TASK DATA START
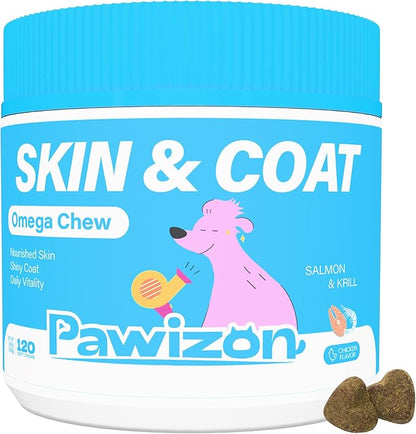 Omega 3 for Dogs –Skin & Coat Supplement – Omega Rich Salmon Oil, Krill Oil & Fish Oil – DHA&EPA for Itchy Skin Relief, Shiny Coat, Shedding & Allergy Support – 120 Soft Chews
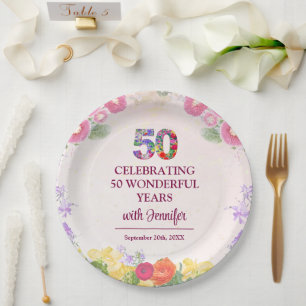 Elegant Floral 50. Geburtstagsparty / Pastel 50 Pappteller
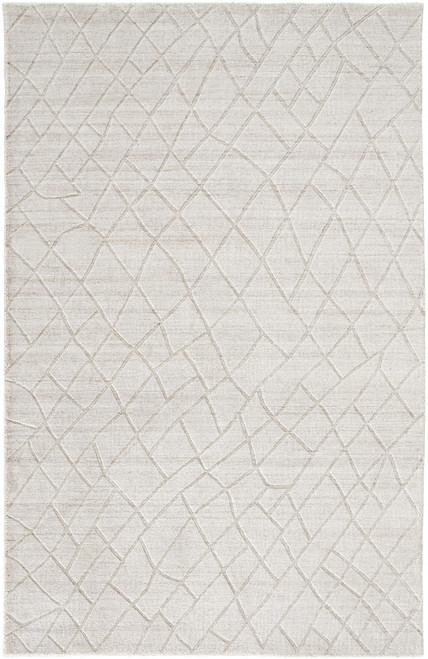 2' X 3' Ivory And Gray Striped Hand Woven Area Rug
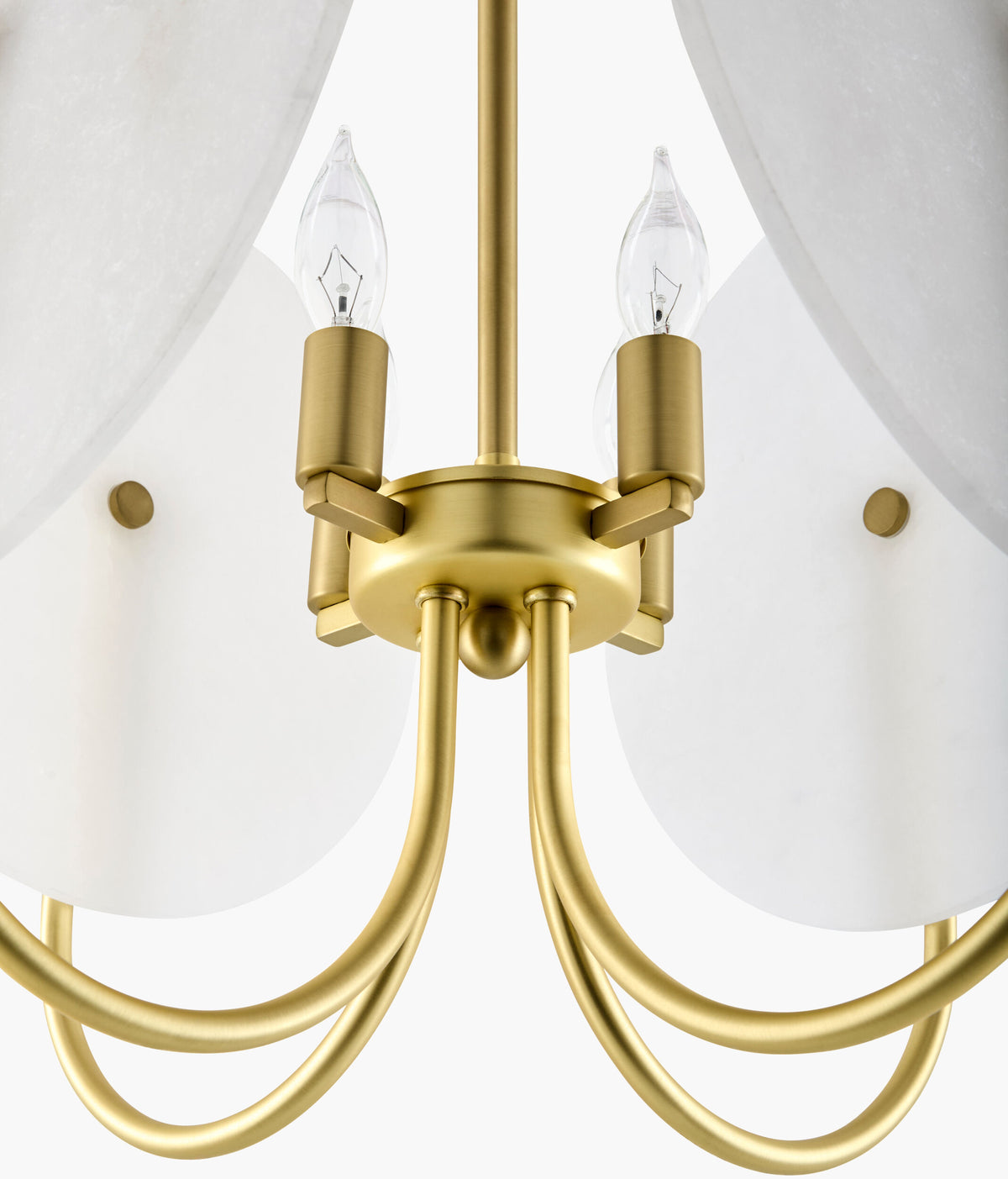 Bellaria Iron Chandelier, Electroplated Metallic Brass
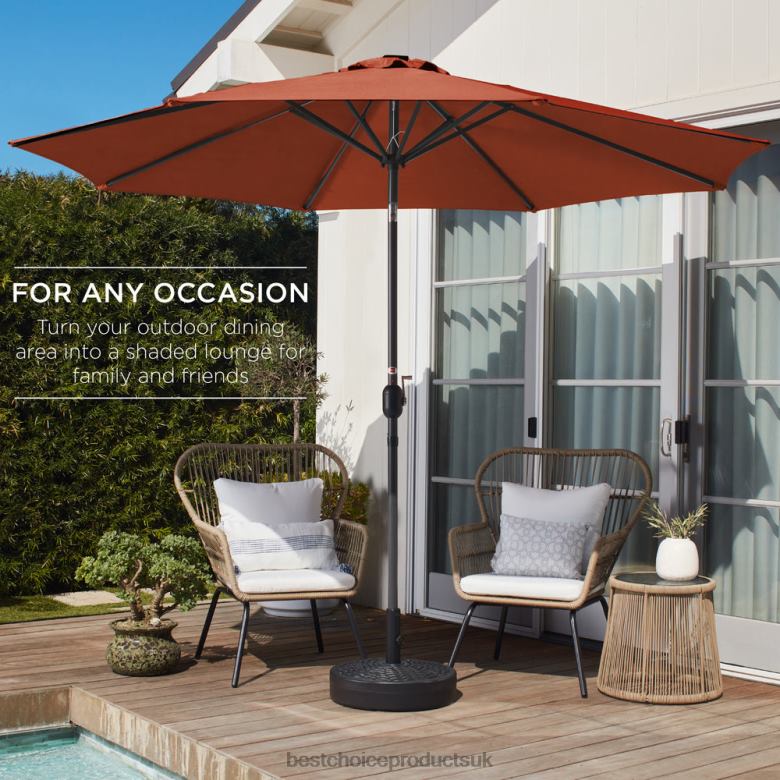 Outdoor Living | Best Choice ProductsOutdoor Steel Market Patio Umbrella Decoration w/ Tilt, Crank Lift N62R1376 Rust
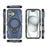 For iPhone 16 Magnetic Case Rotating Kickstand TPU PC Shockproof Phone Back Cover Compatible with MagSafe - Dark Blue - 4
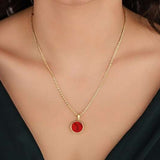 Perfect 1 Carat Round cut Red Turquoise Solitaire Pendant Necklace in 18k Yellow Gold over Silver
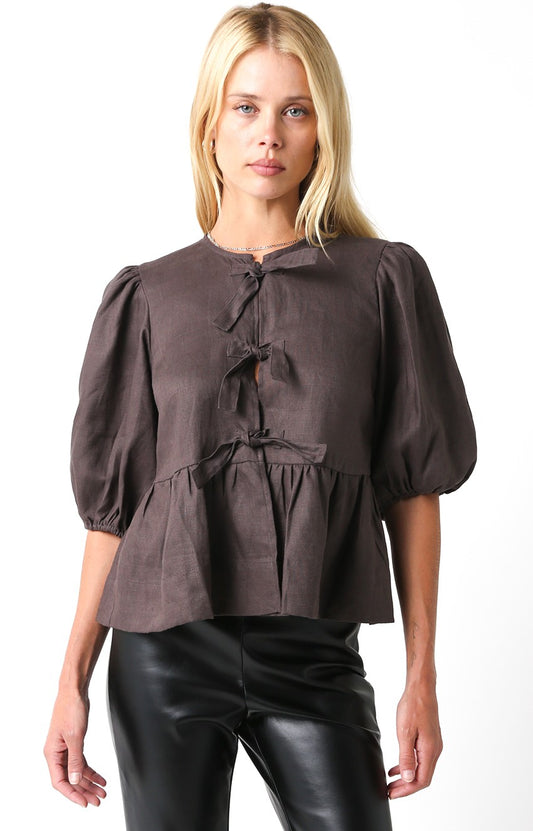 Coffee Bean Tie Top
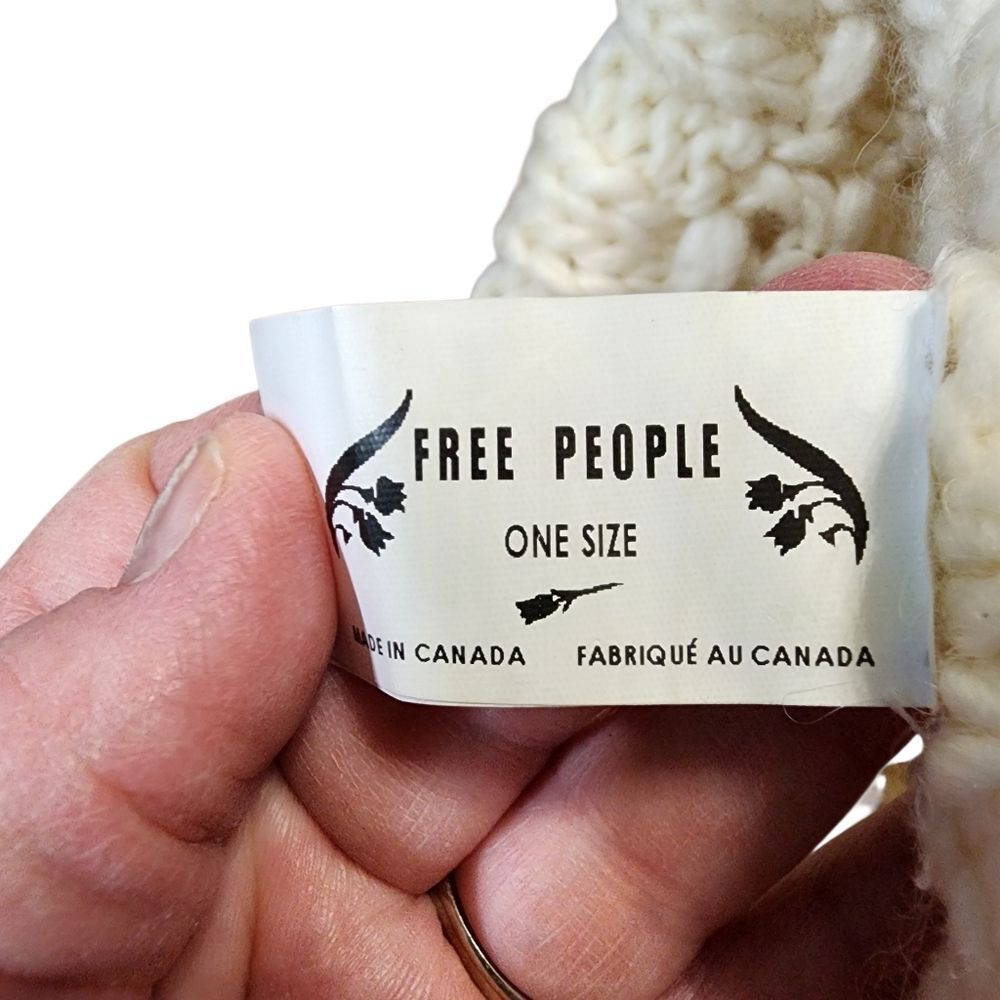 Free People Cream Knit Beanie Hat One Size - Picture 2 of 3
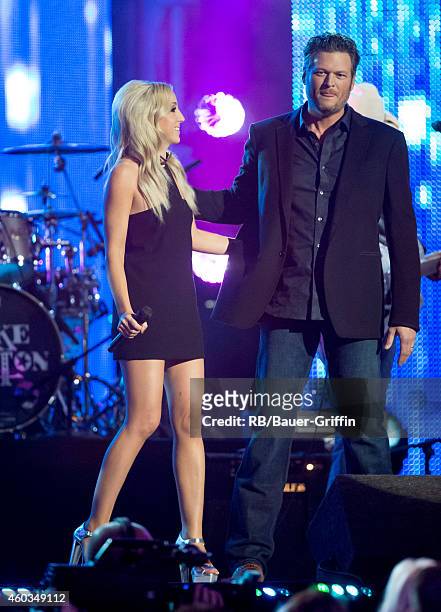 Ashley Monroe and Blake Shelton are seen at 'Jimmy Kimmel Live' on December 11, 2014 in Los Angeles, California.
TASK DATA END
Keep the pictures out and write out the records exactly.

 Omega 3 for Dogs –Skin & Coat Supplement – Omega Rich Salmon Oil, Krill Oil & Fish Oil – DHA&EPA for Itchy Skin Relief, Shiny Coat, Shedding & Allergy Support – 120 Soft Chews
 Elegant Floral 50. Geburtstagsparty / Pastel 50 Pappteller
 2' X 3' Ivory And Gray Striped Hand Woven Area Rug
 Bellaria Iron Chandelier, Electroplated Metallic Brass
 Outdoor Living | Best Choice ProductsOutdoor Steel Market Patio Umbrella Decoration w/ Tilt, Crank Lift N62R1376 Rust
 For iPhone 16 Magnetic Case Rotating Kickstand TPU PC Shockproof Phone Back Cover Compatible with MagSafe - Dark Blue - 4
 Perfect 1 Carat Round cut Red Turquoise Solitaire Pendant Necklace in 18k Yellow Gold over Silver
 Coffee Bean Tie Top
 Free People Cream Knit Beanie Hat One Size - Picture 2 of 3
 Ashley Monroe and Blake Shelton are seen at 'Jimmy Kimmel Live' on December 11, 2014 in Los Angeles, California.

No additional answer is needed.